This is a diagram of the driving course at the Kumamoto Driving Center:
The red line indicates the course, and the numbers indicate specific tips for those specific waypoints. I took course 1, and so that is the one which I will be providing tips for. The course starts from the docking station on the bottom and runs clockwise, ending at the same birth in the docking station.

Advice Specific To Course Number One
1. Before you get in your car walk around it and inspect your vehicle. Look under the car (ostensibly to check if there is a young child or some other hazard lurking underneath). Also, it doesn’t hurt to look both ways checkihg for traffic before stepping into the street and opening your door.Once inside your car do the following even if you don’t need to:
A. Buckle your seatbelt.
B. Adjust your seat position
C. Adjust your mirrors.
D. Ask the proctor if you can turn on the ignition
E. Make sure the car is in Park and fire it up.

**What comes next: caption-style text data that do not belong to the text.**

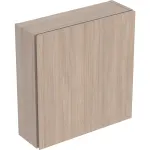 Armario suspendido Geberit cuadrado, con una puerta: 45x46.7cm, Cuerpo y frontal: encina/melamina con textura de madera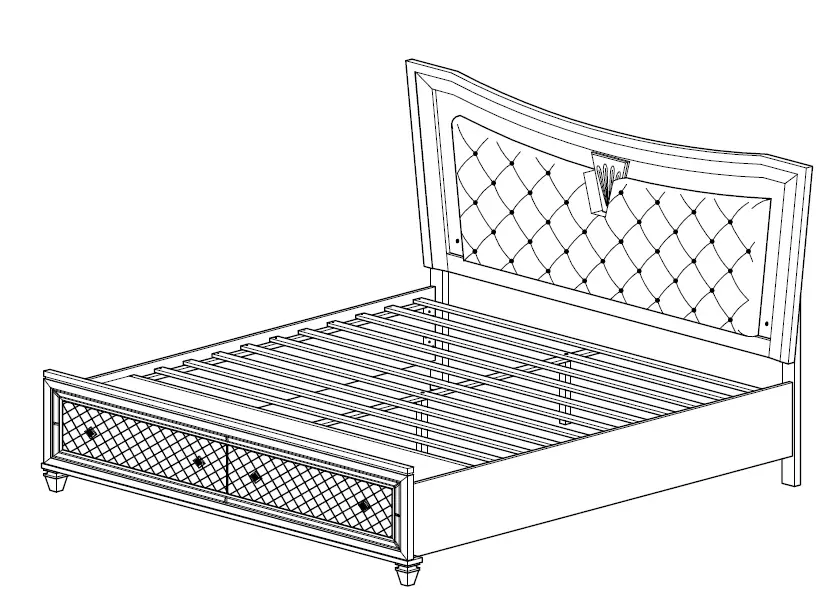 Best-Quality-Furniture-VEN-EK4N-Venetian-5-Piece-Champagne-Eastern-King-Bedroom Set-FIG-21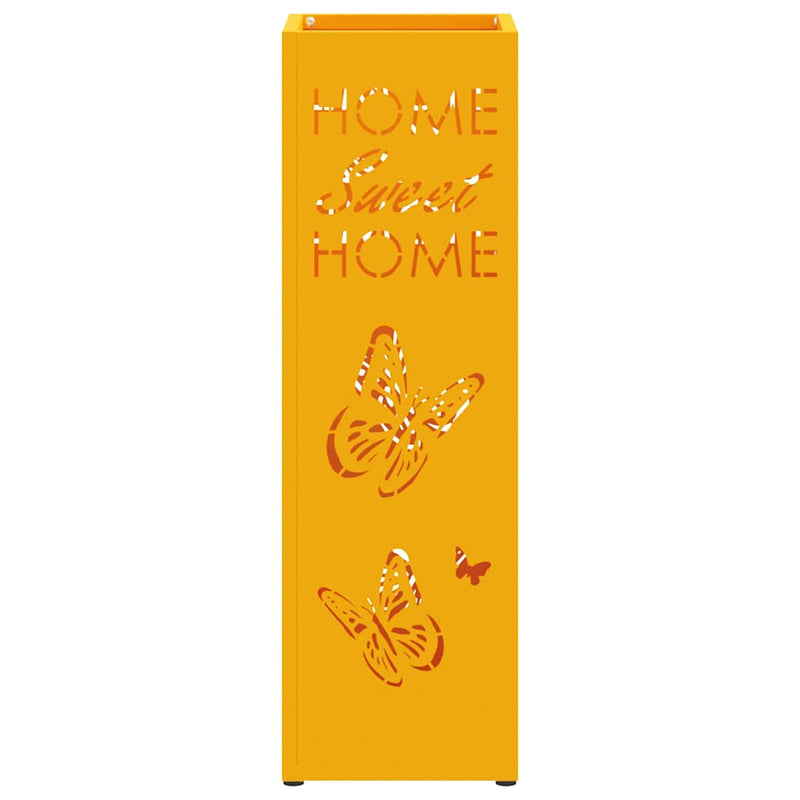 Stand pentru Umbrele de Plouă Muștar 15,5 x 15,5 x 49 cm Oțel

F. Make sure that there are no distractions (like the air conditioner on high, etc.) and that none of the malfunction lights are on.
G. Put the car into gear, take off the parking break, and signal your departure.

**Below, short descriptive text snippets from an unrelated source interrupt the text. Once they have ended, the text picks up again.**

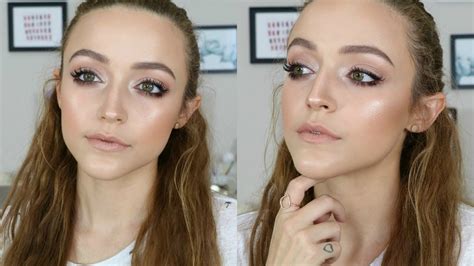 Affordable Makeup Look Nude Glow Youtube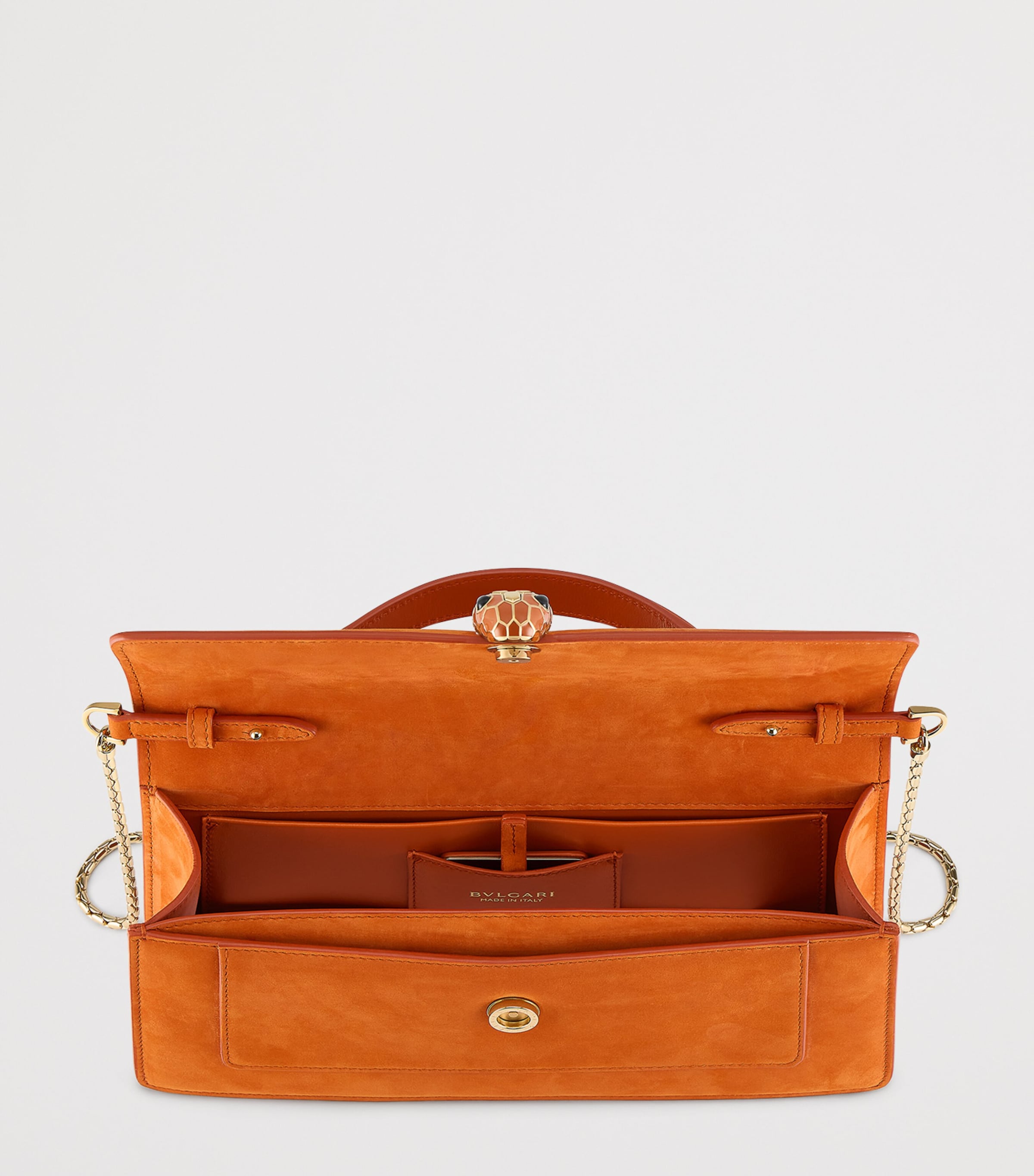 Bvlgari Serpenti Forever Top-Handle Bag Orange Image 5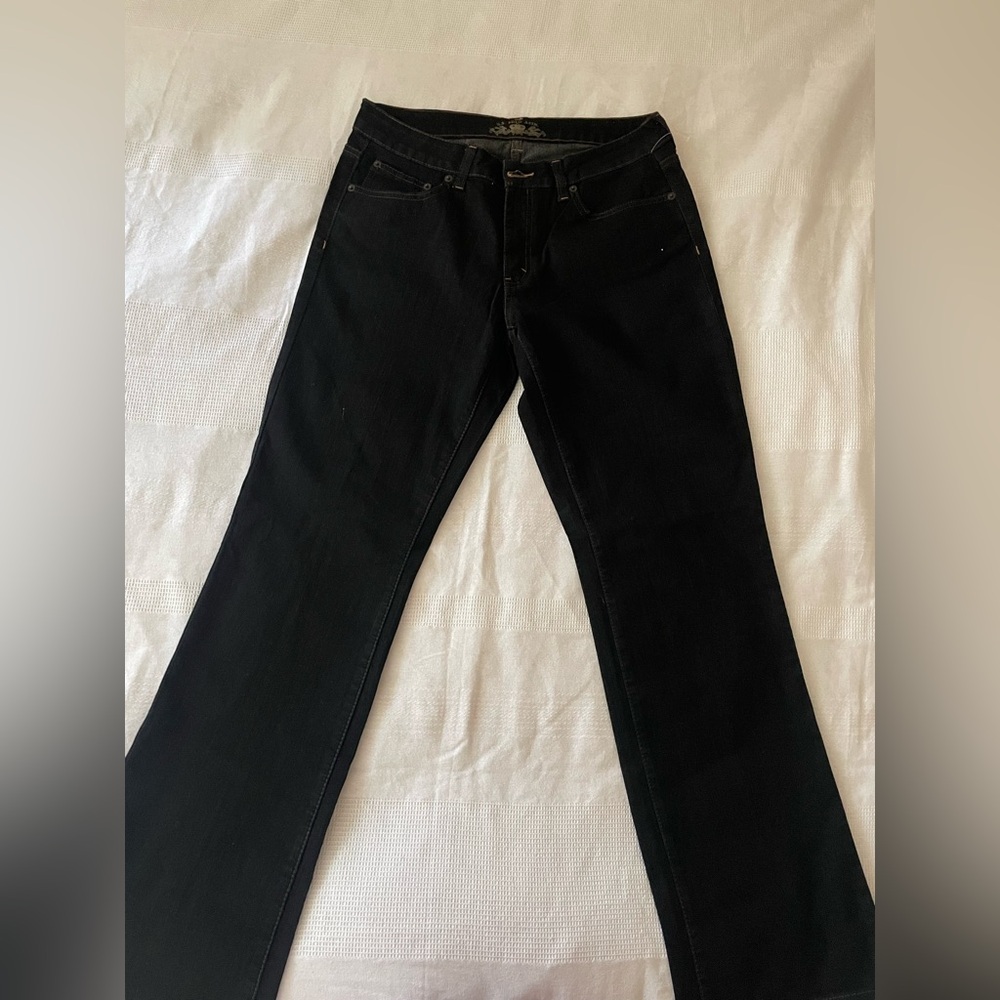 U.S. Polo Assn. Black Flare Wide Leg Jeans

2. Immediately get into the lane, remembering to stay close to the left hand side. Drive slowly and make a point of checking your mirrors and blindspots and look for any pedestrians that may be about to cross (it feels silly looking out for imaginary people, but this is better than having to come spend another full day so you can do it again).
3. Once you round this corner you will be about 100 feet away from your turn. Signal right, check your mirrors and blindspots, and then pull close to the center meridian to make your turn.
4.Signal again when you get 20 feet away and check your mirrors and blindspots again, and turn. I will now assume that you know to signal, check your blindspots, and check your mirrors before you make all of your turns.
5. This is the railroad crossing. Slowly approach it, and stop at the stop line. If you are driving manual, pop the emergency break. Roll down your window to listen for the train, look both ways, check your blindspots, and then slowly proceed. Do not roll your car back down the hill or you will lose points.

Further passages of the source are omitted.